Quale miglior ritorno al cinema muto se non con un film con una delle grandi dive? Oggi ci occupiamo de Il padrone delle ferriere di Eugenio Perego (1919) tratto dal romanzo di fine ottocento Le Maitre des Forges di Georges Ohnet. Si tratta di un melodramma ad ambientazione borghese, quindi un pane decisamente ben gradito agli spettatori italiani dell’epoca che amavano il genere e lo dimostravano riempendo le sale all’uscita delle varie proposte.

La storia è piuttosto complessa e la possiamo riassumere brevemente come segue:

Il Marchese de Beaulieu è un nobile ormai decaduto e pieno di debiti. Distrutto per quanto sta accadendo l’uomo ha un infarto e lascia i figli Clara (Pina Menichelli) e Ottavio senza nulla. Clara sta avendo una relazione con il Duca Gastone di Bligny (Luigi Serventi) perché spera di ottenere un salto importante in società ma alla morte del padre e con il collasso economico viene lasciata per Atenaide Moulinet (Lina Millefleurs), figlia del re del cacao e il cui padre è capace di compensare le copiose perdite economiche di Gastone al gioco. A Clara non resta che sposare per ripicca il buon Filippo Derblay (Amleto Novelli) che da tempo la ama e non si accorge di essere solo un ripiego. Lo scoprirà, però, il giorno del matrimonio e interromperà, esclusi gli eventi pubblici, ogni rapporto con lei.

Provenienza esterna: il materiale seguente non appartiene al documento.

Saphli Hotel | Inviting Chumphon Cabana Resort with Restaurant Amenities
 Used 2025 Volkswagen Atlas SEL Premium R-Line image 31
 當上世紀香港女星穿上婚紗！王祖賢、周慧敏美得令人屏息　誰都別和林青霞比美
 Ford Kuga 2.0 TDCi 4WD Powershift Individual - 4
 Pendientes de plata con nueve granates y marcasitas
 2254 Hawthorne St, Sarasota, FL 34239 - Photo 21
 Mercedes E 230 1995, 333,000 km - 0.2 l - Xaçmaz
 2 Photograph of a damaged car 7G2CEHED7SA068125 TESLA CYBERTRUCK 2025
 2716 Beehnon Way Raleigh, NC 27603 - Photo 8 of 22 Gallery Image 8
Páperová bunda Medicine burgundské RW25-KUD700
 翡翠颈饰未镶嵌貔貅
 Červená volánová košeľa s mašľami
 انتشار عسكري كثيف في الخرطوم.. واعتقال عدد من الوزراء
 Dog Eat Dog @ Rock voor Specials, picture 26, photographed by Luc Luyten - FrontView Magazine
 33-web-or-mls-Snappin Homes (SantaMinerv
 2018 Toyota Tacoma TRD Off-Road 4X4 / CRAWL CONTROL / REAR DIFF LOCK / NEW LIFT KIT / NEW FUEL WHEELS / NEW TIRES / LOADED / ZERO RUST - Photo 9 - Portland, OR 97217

Nel corso del tempo Clara inizierà ad amare realmente Filippo, pur non riuscendo a dichiararsi. Gastone, nel frattempo, comprende di amare a sua volta Clara e cerca di dichiararsi a lei e di approfittare dell’assenza di Filippo. Questa situazione intricata terminerà in una sfida a duello tra Filippo e Gastone che si concluderà con l’intervento di Clara stessa che si lancia in difesa del suo sposo ferendosi fortunatamente solo ad una mano.  A queste vicende si intreccia la storia d‘amore tra Ottavio e la sorellina di Filippo (Myriam De Gaudi), unione che vede prima l’opposizione di quest’ultimo che crede in un nuovo inganno, ma che poi riesce a concretizzarsi unendo più che mai le famiglie de Beaulieu e Derblay.

Il film aveva già avuto una trasposizione francese nel 1912 con regia di Henri Pouctal che purtroppo non sono riuscito a visionare. Devo dire che nonostante il melodramma non sia esattamente il mio genere preferito ho trovato Il padrone delle ferriere piuttosto piacevole anche perché si è trattato del mio ritorno alla visione di un film muto dopo tanto tempo. In tempi duri son riuscito a ritrovare conforto nella familiarità e non è certo cosa da poco. Devo dire che sono rimasto anche sorpreso per il lieto fine: mi sarei aspettato che Clara morisse per punizione ai peccati commessi come spesso capitava, oppure che fosse il buon Filippo a lasciarci le penne! A parte le scemate, complice forse la lunga sosta, devo dire che ho apprezzato la discreta varietà di ambientazioni, la recitazione e anche il modo in cui la vicenda viene sviluppata con le giuste tempistiche e mantenendo sempre un certo ritmo nello svolgimento pur con i dovuti limiti dovuti al genere.

Il film è visionabile nella pagina vimeo della cineteca e vi invito davvero a spulciarla per approffitare di questi giorni di ritiro forzato.